これが、大江戸の土台となった<浮遊大陸>です。
この浮遊大陸の上には、人間を遙かに凌駕する知能の持ち主によって創られた、高度な文明の残骸が残されていました。
現代<古代人>と呼ばれている、謎の先住者たちです。
当時、地球では21世紀まで安定した体勢を築いてきた江戸幕府が、難題に苦しんでいました。急増する人口の問題でした。

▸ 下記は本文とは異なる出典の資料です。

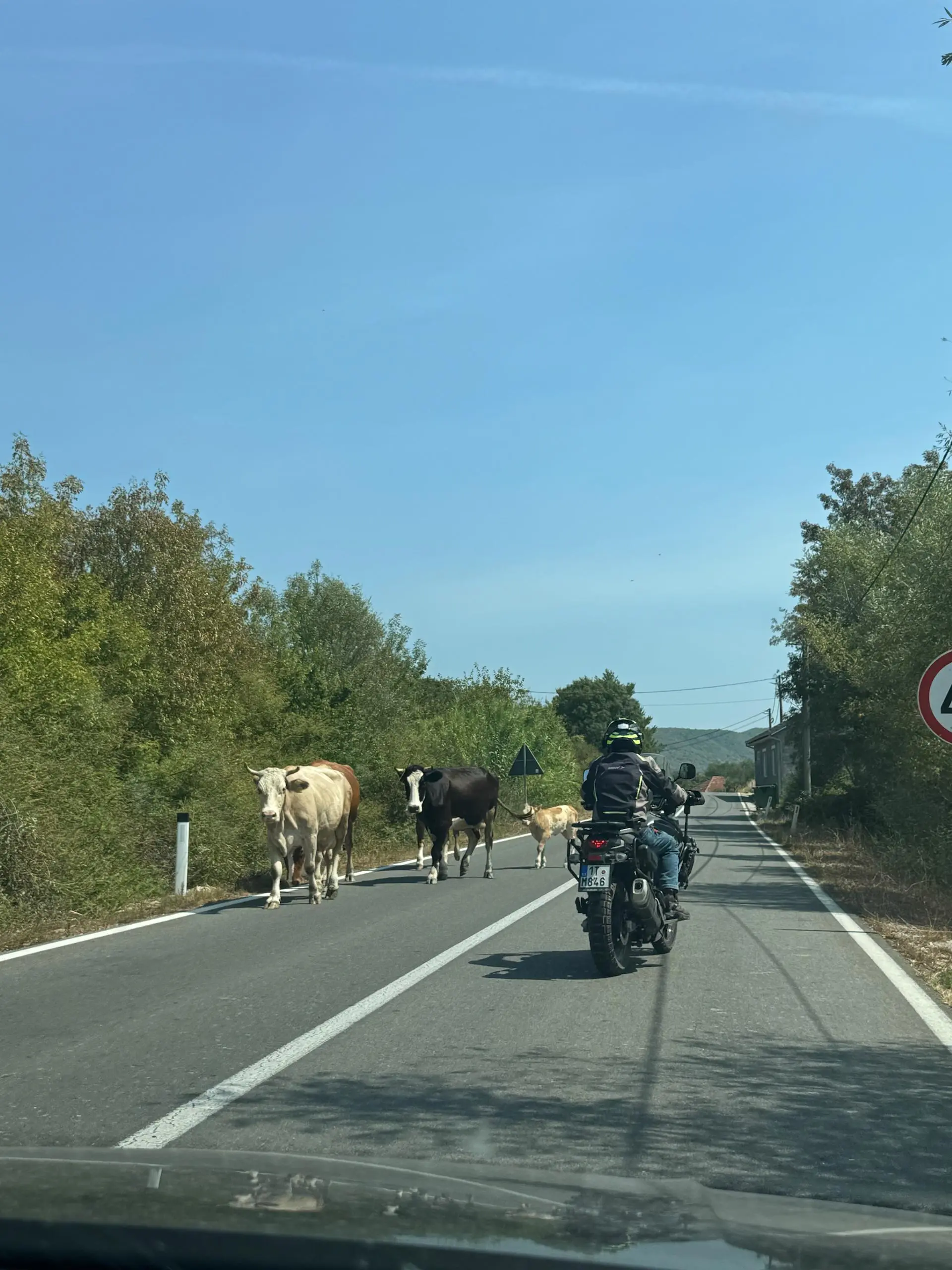 🇲🇪Бар, Черногория
Черногория вообще популярное направление у русских туристов, но я не понял почему. Не, к чевапям и пиву вопросов ноль, но вот к морю и заполненности пляжей много вопросов | Сетка — социальная сеть от hh.ru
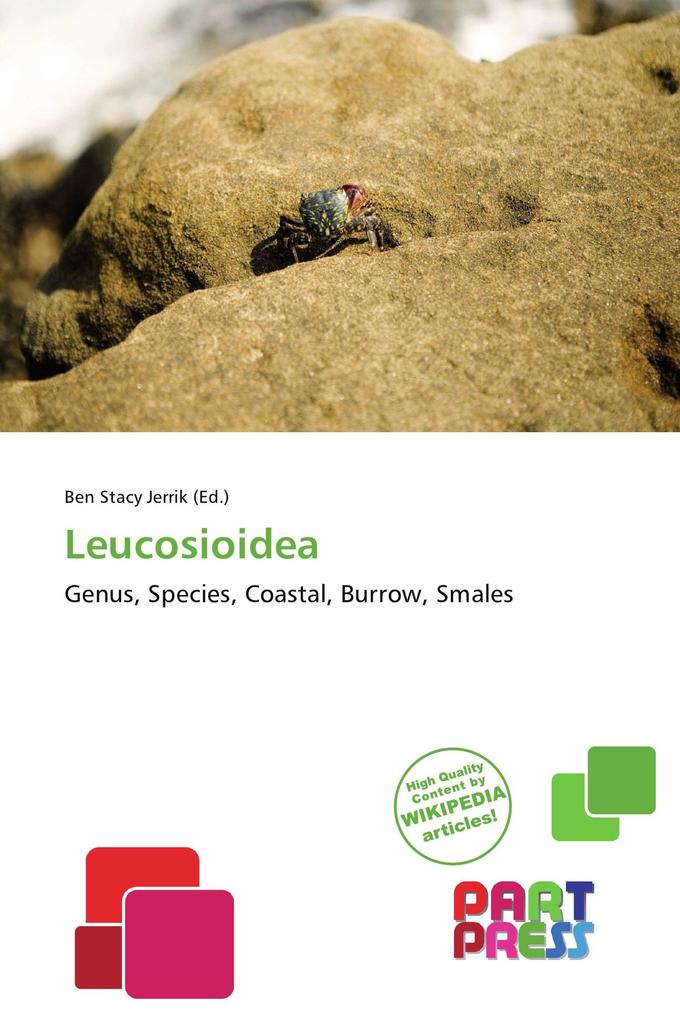 Leucosioidea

地球江戸幕府は、この問題の解決策として、宇宙にコロニーを建設することを計画し、新たに発見された浮遊大陸が、コロニー建設の地として選ばれました。
30年の月日をかけてコロニーは建設され、数百万人の人達が移住を開始し、現代の大江戸の原形が造られていったのです。
‥‥やがて、コロニーの地下から、古代人達の残した奇妙な機械の破片が多数発掘されるようになり、古代人達の文明について熱心な研究が行われるようになりました。
当初、分かっていたことはあまりにわずかでした。古代人達は、数百万年ここに住み、ある時突然自らの築いたものを捨てこの浮遊大陸を去っていったこと。その技術レベルは、現代の人間達のそれを、今なお、はるかに超えるものであること。
学者達の誰一人、残された機械の破片の構造を、理解することはできなかったのです。
しかし、大江戸暦120年ごろ、武田星雲斎という学者が現れ、古代人の機械の破片をある法則に従って組み合わせると、不思議なパワーが発生することを発見しました。
以来、このパワーを活用して、有用な道具を造る技術が急速に発展しました。
星雲斎は、古代人の機械の破片を<メックパーツ>、パーツを組み合わせて造った道具を<メック>と命名しました。
この呼び名は、現在もそのまま使われています。
‥‥移住が完了して50年ほどたつと、コロニーには、地球と違った独自の文明が発達し始めていました。
それとともに、コロニーの独立と鎖国を唱える声も強まり、ついに大江戸暦62年、大江戸の長、徳川浮家は地球江戸幕府に独立を宣言。コロニーの名前を<大江戸>と改め、自ら初代将軍を名のるとともに、地球との交易を禁止しました。
以来、大江戸は地球と一切関わりを絶ち、全く自分たちだけの暮らしを続けてきました。巷では、地球の人類は滅亡したという噂もありますが、鎖国以来400年あまりを経た今、彼らには宇宙線も通信装置もなく、それを確かめる手段は、何一つ残されていなかったのです。
大江戸暦200年ごろまで、大江戸には内乱が絶えず、世相は騒然としていましたが、その後200年間、世は何事もなく平穏無事に過ぎていました。大江戸市民の誰ひとり思いもかけぬ危機が大江戸に迫っているなどと、考えるものはいませんでした。
‥‥大江戸暦435年。大江戸のはずれにある深川という田舎町で立派なサムライになるべく学校に通う一人の若者‥‥、つまりあなたも、まだ、自分を待っている大きな運命については、何もし知らないままだったのです。